Nos meus primeiros tempos de Universidade, um docente não sofria de excesso de solicitação. Havia duas ou três entidades passíveis de lhe pedir iniciativas: o Diretor do Departamento, o Presidente da Escola e, eventualmente, uma ou outra comissão de curso. Quanto ao resto, raridades.

Hoje, contam-se às dezenas as entidades que solicitam, com o devido direito, os docentes, com predomínio dos assuntos burocráticos. Há dias em que os dedos das mãos não são suficientes para contabilizar as solicitações presenciais, por correio eletrónico ou por telefone. Fala-se da capacitação e da libertação proporcionadas pelas novas tecnologias. Na realidade, as entidades mais beneficiadas são as burocracias. Transformam-nos em cataventos e enredam-nos, como diria Max Weber, numa “gaiola de aço”. Como lidar com tamanho desassossego? Os momentos de concentração são cada vez mais curtos e mais intermitentes e os custos de oportunidade agravam-se. Para Pierre Bourdieu, a scholé, distância à necessidade e à urgência, é apanágio do cientista. Prefiro o ceticismo de Max Weber face à “suprema dominação do modo burocrático da vida”.
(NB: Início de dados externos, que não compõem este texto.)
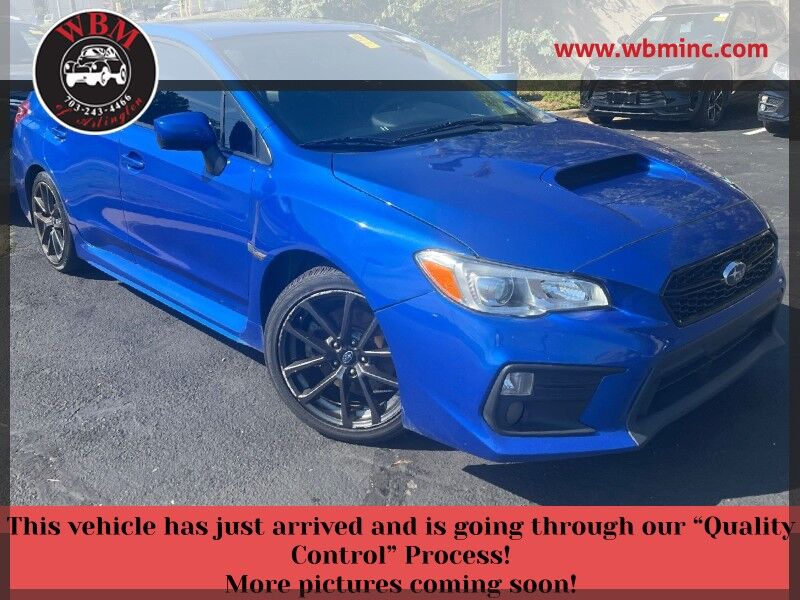 2019 Subaru WRX Premium Manual 2019 Subaru WRX Premium Manual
Naquele tempo, não se desdenhava publicar na revista do próprio centro de investigação. Implantou-se, entretanto, a política dos cucos, aves que colocam os ovos em ninho alheio. De excelência em excelência, as políticas de divulgação científica apuram-se: o que conta não é o conteúdo do artigo, a sua qualidade e originalidade. Ler os artigos tornou-se dispensável, num prosaico adeus ao texto. O que importa são os parâmetros exógenos formais: o aval dos pares, a marca da revista, as referências e as citações. Às revistas com arbitragem, sucedem-se as revistas indexadas. Com consequências decisivas nas carreiras e nos rankings. Uma acha para o incremento do carreirismo e da discriminação, numa arena onde se acotovelam os investigadores. Justifica-se? Os romeiros são tantos e a procissão ainda vai no adro… Para muitos aparelhos de poder, trata-se de um progresso indiscutível. Assiste-me duvidar. Alguém consegue assegurar, com argumentos racionais, que os artigos publicados em revistas indexadas são melhores do que os demais? No meu caso, não é verdade.
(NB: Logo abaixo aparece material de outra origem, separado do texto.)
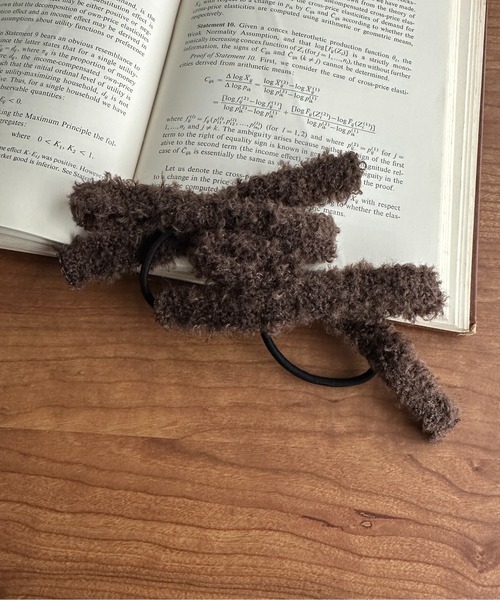 apres jour clair×ARIAZ】ツイードリボンヘアゴムセット（ヘアゴム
Publicar um artigo não se resume a uma vénia a Gutenberg. Existem lealdades e compromissos, alguns suscetíveis de se sobrepor ao imperativo da indexação. O artigo pode estar vinculado a uma organização, a uma investigação ou a uma intervenção com ancoragem social. Por outro lado, a que título se demove um investigador de publicar numa revista com a qual se identifica? Pode um cientista ser penalizado por publicar onde deve e, eventualmente, onde quer? Há poderes que assim o entendem. Se não mandam, constrangem. O eterno retorno do dilema do burro entre o pau e a cenoura. Se um cientista não quer sair prejudicado, o mais avisado é demandar revistas com contador internacional. Em poucos anos, a situação do cientista inverteu-se: antes pediam-lhe artigos. Agora, anda de artigo na mão, a pedir que o aceitem. Pelo meio, desbota a autonomia e a diversidade.

Entoam-se odes à globalização, fator de comunicação, abertura e liberdade. Graças à globalização, só há contas de somar e multiplicar. Duvido que seja o caso da divulgação científica. A focalização nas revistas indexadas afunilou o mundo científico. No preciso momento em que se expandem e se diversificam os suportes da comunicação científica, os peritos optam por estreitar as margens. A globalização pode contribuir para uma atrofia da atividade científica. A globalização pode afunilar e atrofiar o mundo. A liberdade encolhe-se e a diversidade esfuma-se. E as universidades são cúmplices. Este dispositivo quantofrénico (Pitirim Sorokin) enxerta-se num surto burocrático sem precedentes, facilitado, repito-o, pelas novas tecnologias. Um passo em frente rumo à irracionalidade da razão. Quando Pierre Bourdieu alude à scholé, deve estar a pensar num outro mundo. Os receios de Max Weber são mais lúcidos: “É horrível pensar que um dia o mundo será ocupado por estas pequenas peças, por pequenos homens que se agarram a pequenos empregos e procuram obter outros maiores (…) Esta paixão pela burocracia é suficiente para pôr-nos em desespero (…) A grande questão não é saber como promover e estimular esta evolução, mas como se opor a esta máquina para manter uma parte da humanidade livre desse desmembramento da alma, desta suprema dominação do modo burocrático de vida”.